Die neue Bundesregierung aus Union und SPD setzt das fort, indem sie den Familiennachzug einschränkt und ein Aufnahmeprogramm für Afghanistan einstellt. Beides hat eher symbolischen Charakter, da über diese beiden legalen Migrationswege vergleichsweise wenige Menschen nach Deutschland gelangen.
Fachleute halten die Entwicklung in den Herkunfts- und Transitländern für wichtiger. Nach wie vor kommen die meisten Asylanträge von Menschen aus Syrien. Die neue Regierung dort bemüht sich darum, das Land zu stabilisieren. Mit der Aufhebung der Sanktionen gegen Syrien wachsen die Perspektiven. Auch das kann ein Grund sein, warum weniger Menschen nach Deutschland kommen – unabhängig von der Politik hierzulande.
Trotzdem setzen CDU und CSU weiter auf Grenzkontrollen. Sie sollen den Menschen in Deutschland signalisieren: alles unter Kontrolle. Der Preis dafür ist hoch. Sollten die Zurückweisungen später von europäischen Gerichten in letzter Instanz als rechtswidrig eingestuft werden, kostet das Vertrauen. Und es kostet Geld.
Kontrollen kosten mehr als 100 Millionen im Jahr
Aus einer parlamentarischen Anfrage des Grünen-Bundestagsabgeordneten Leon Eckert aus Eching im Landkreis Freising ergibt sich, dass die ersten sechs Wochen der bundesweiten Kontrollen im Herbst 2024 etwa 12,3 Millionen Euro gekostet haben.

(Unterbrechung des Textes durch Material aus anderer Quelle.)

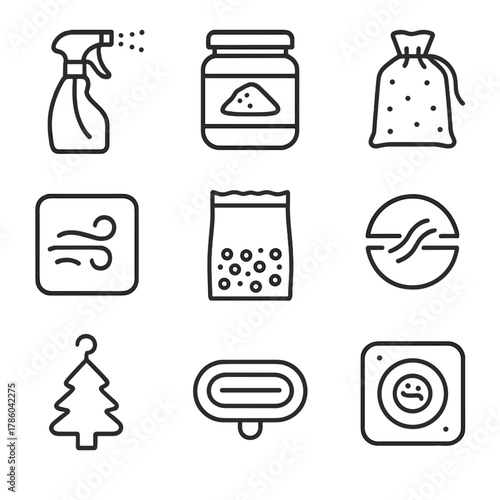 Odor Elimination Icons. Line style icons of Odor Elimination Products: odor neutralizer spray, baking soda jar, charcoal sachet,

Das macht grob überschlagen zwei Millionen Euro pro Woche. Auf ein Jahr hochgerechnet: mehr als 100 Millionen Euro.
Das sind aber nur die zusätzlichen Kosten für Sachkosten, Überstunden und Zulagen. Die regulären Ausgaben für die Bundespolizei sind noch nicht mitgerechnet. Die aktuellen Kosten für die Kontrollen seit Anfang Mai dürfen nochmal deutlich höher liegen, denn es sind auch mehr Bundespolizisten im Einsatz – bundesweit bis zu 14.000.
Bisher nur wenige Zurückweisungen von Asylbewerbern
In den ersten drei Wochen der intensivierten Grenzkontrollen hat die Bundespolizei nach eigenen Angaben 2.612 Menschen zurückgewiesen. Dazu zählen 125 Menschen, die Asyl beantragen wollten. Um diese Menschen geht es im Kern bei den neuen Grenzkontrollen. Denn Zurückweisungen sind keine Erfindung der schwarz-roten Bundesregierung. Von Herbst 2023 bis Frühjahr 2025 gab es laut Innenministerium schon etwa 50.000 Zurückweisungen. Dabei handelt es sich unter anderem um Menschen, deren Asylantrag in Deutschland abgelehnt wurde und gegen die eine Wiedereinreisesperre vorliegt.
Wie viele Menschen wegen der Grenzkontrollen einen Bogen um Deutschland machen, ist kaum zu ermitteln. Insider gehen davon aus, dass organisierte Schleusergruppen erstmal abwarten, um später die Lücken der Grenzkontrollen zu nutzen.